If the RAM did test bad, how would you know? It seems as if the only way would be by booting Vista from the hard drive and scratching around in Event Viewer. If the process of writing those results into Vista's logs didn't corrupt the contents of the hard drive, then booting Vista (with all the attendant paging, temp files and registry updates this may imply) to reach Event Viewer may well do so.

This is a bit like being a driving license tester faced with a pupil who immediately tries to mash down pedestrians a la Carmageddon at the start of the test. It's nice to see Microsoft (at last!) taking an interest in maintaining sick systems, but the lack of insight displayed is scary.

3 comments:

Anonymous said...

Great article.

Anonymous said...

Really informative, I'm reading this 1 year after.. I have a question, since you (and me too) are not very convinced about software level memory testers, do you plan to write about hardware level ones? Thanks and keep the great writting.

Chris Quirke said...

I haven't tried any hardware-based testers, and doubt if I go for those due to reasons of cost.

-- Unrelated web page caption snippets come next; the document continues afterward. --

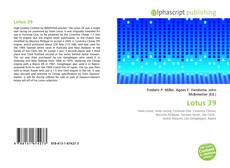 Capa do livro de Lotus 39 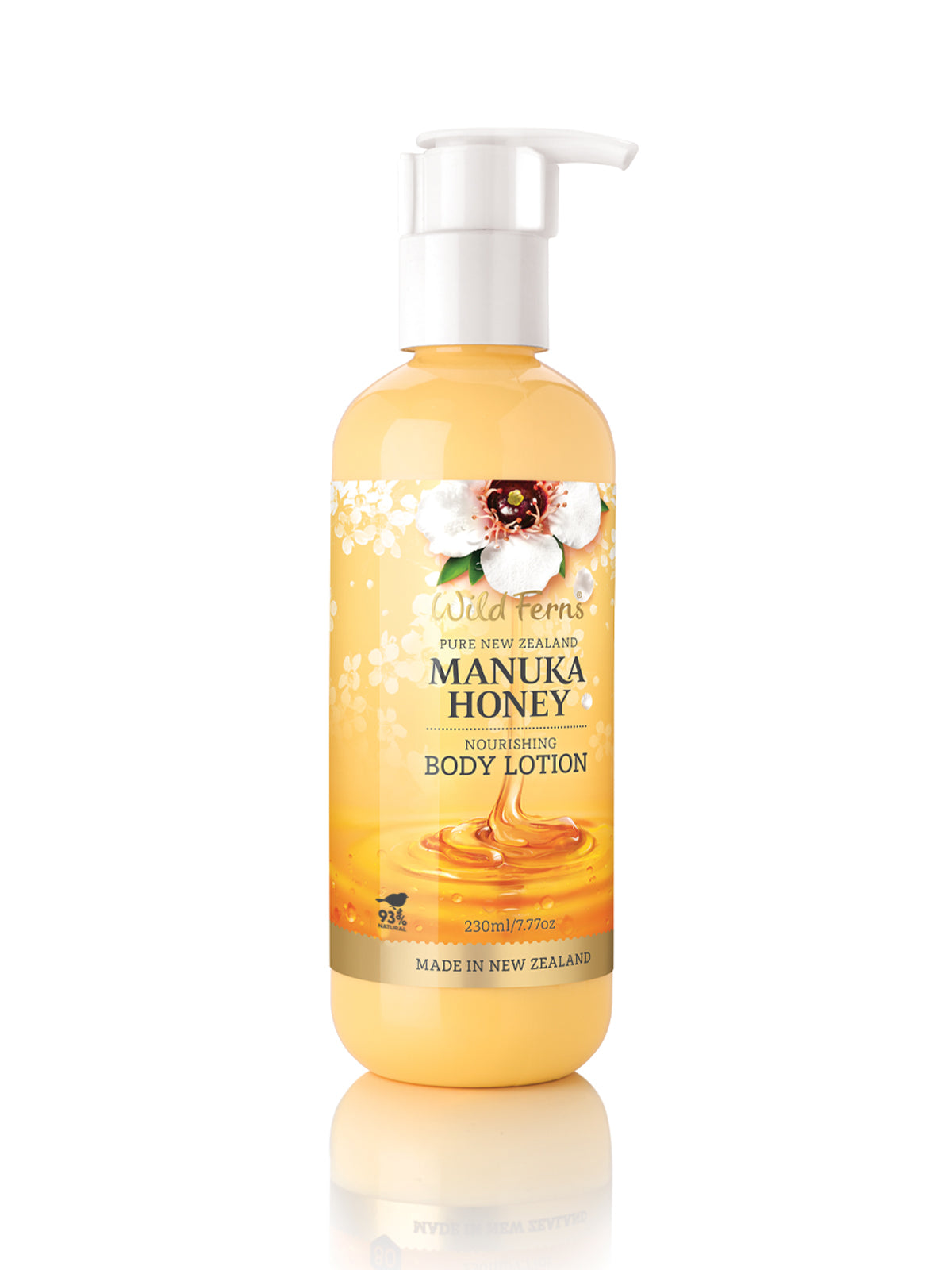 Wild Ferns Manuka Honey Nourishing Body Lotion, 230ml - Main Image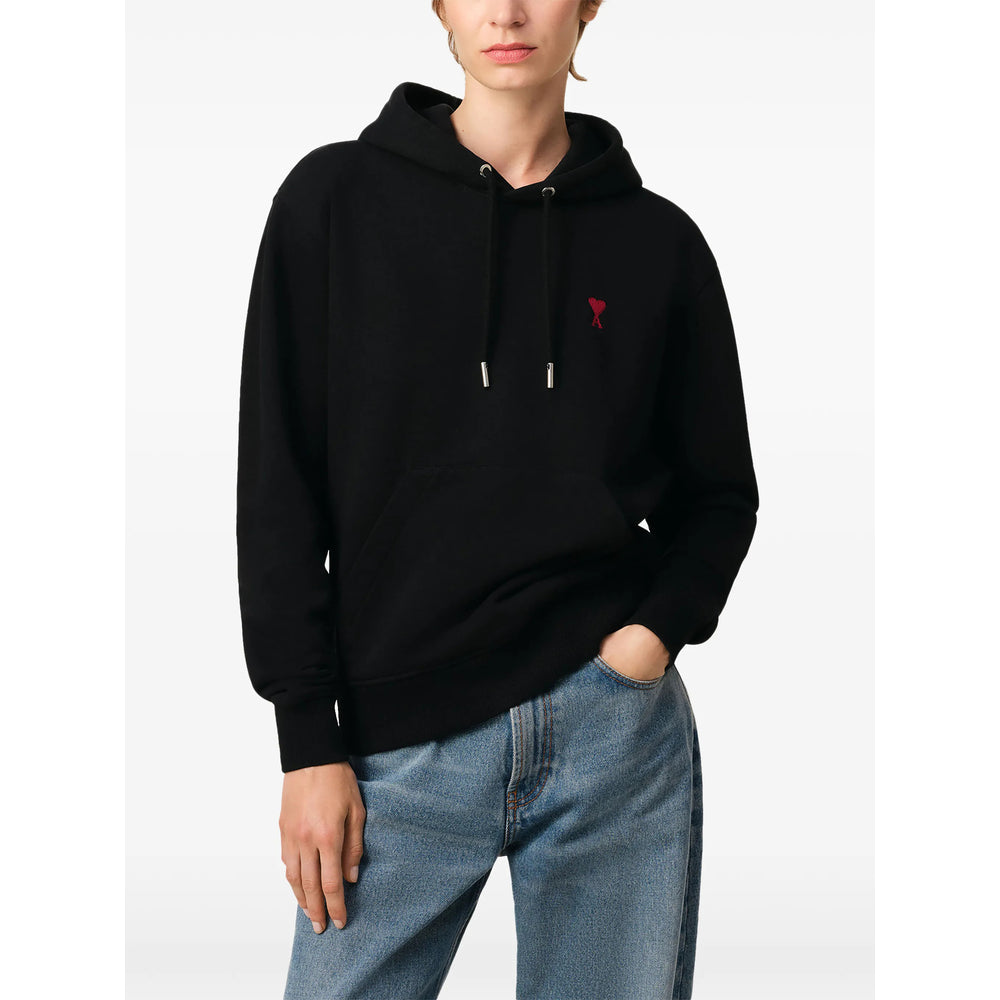 Ami Paris Black Tops - Hoodies Women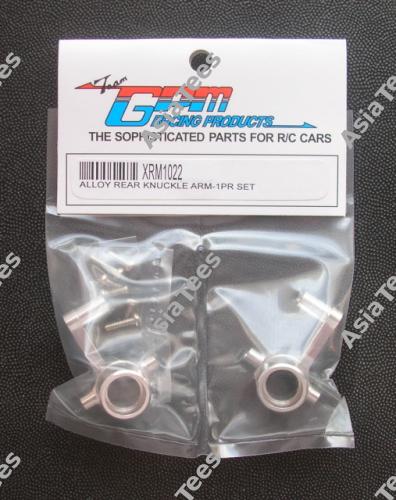 GPM Racing Xray M18 Aluminum Rear Knuckle Arm with Delrin Balls Silver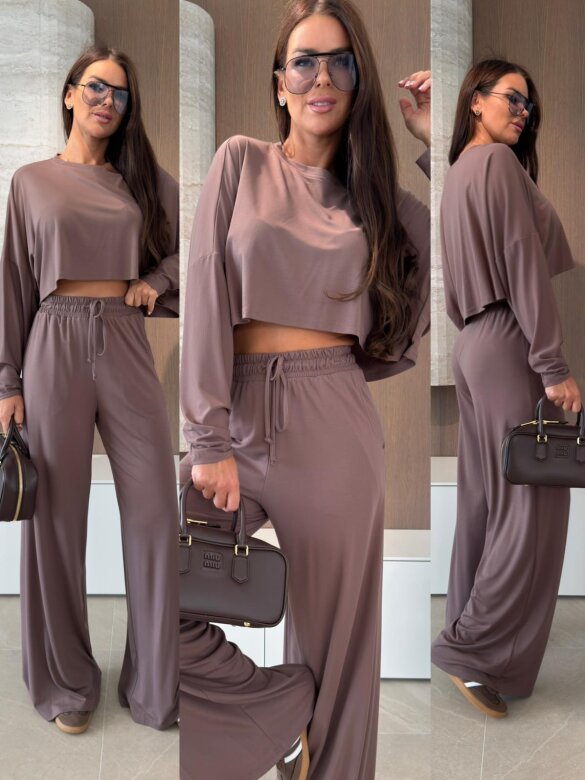 Set 2in1 Oleo viscose mocca 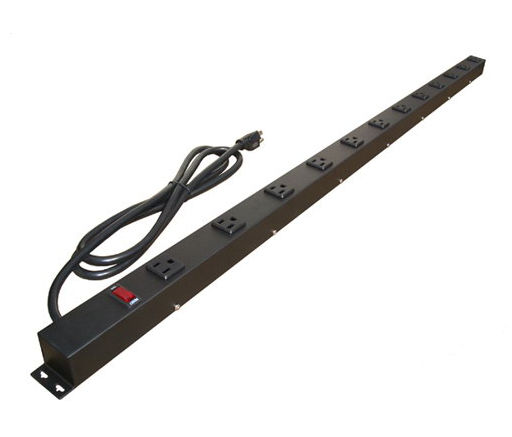 Picture of e-dustry EPS-4126V1 48 in. 12 Outlet Metal Power Strip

So far, my SOP screening practice (24-hour MemTest, HD Tune HD check before formal malware scans etc.)have missed only twice, AFAIK.

In one case, MemTest picked up the first (only) RAM error beyond 24 hours of testing.

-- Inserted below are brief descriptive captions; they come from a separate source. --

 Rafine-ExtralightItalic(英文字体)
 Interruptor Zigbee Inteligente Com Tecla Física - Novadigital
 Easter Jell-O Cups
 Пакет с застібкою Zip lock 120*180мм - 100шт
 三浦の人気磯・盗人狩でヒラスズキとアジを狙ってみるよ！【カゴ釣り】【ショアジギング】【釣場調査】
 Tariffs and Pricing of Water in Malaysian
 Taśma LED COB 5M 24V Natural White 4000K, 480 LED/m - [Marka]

In the other case, a HD that had passed HT Tune SMART, temperature and surface scrutiny, went on to fail catastrophically ("click of death", ?seek failures or disrupted mechanics) during the formal malware scans.

These events highlight the difference between "best practice" and "perfect results", but haven;t been sufficiently compelling for me to look beyond MemTest.

In particular, when PCs have remained flaky after passing MemTest, I've yet to see a positive result when swap-testing RAM.

This contrasts with my experience in the XT/286/386 era, when swap testing would regularly point to bad RAM that had passed the RAM testers of the time (BIOS, HiMem, Norton Diagnostics, Checkit and Checkit Pro, PC Probe).

My main problem with "bad RAM tester design" isn't about failure to detect bad RAM, but whether they perform operations that are unsafe in the presence of bad RAM, e.g. writing to hard drive, or booting the hard drive in the event of a spontaneous reset.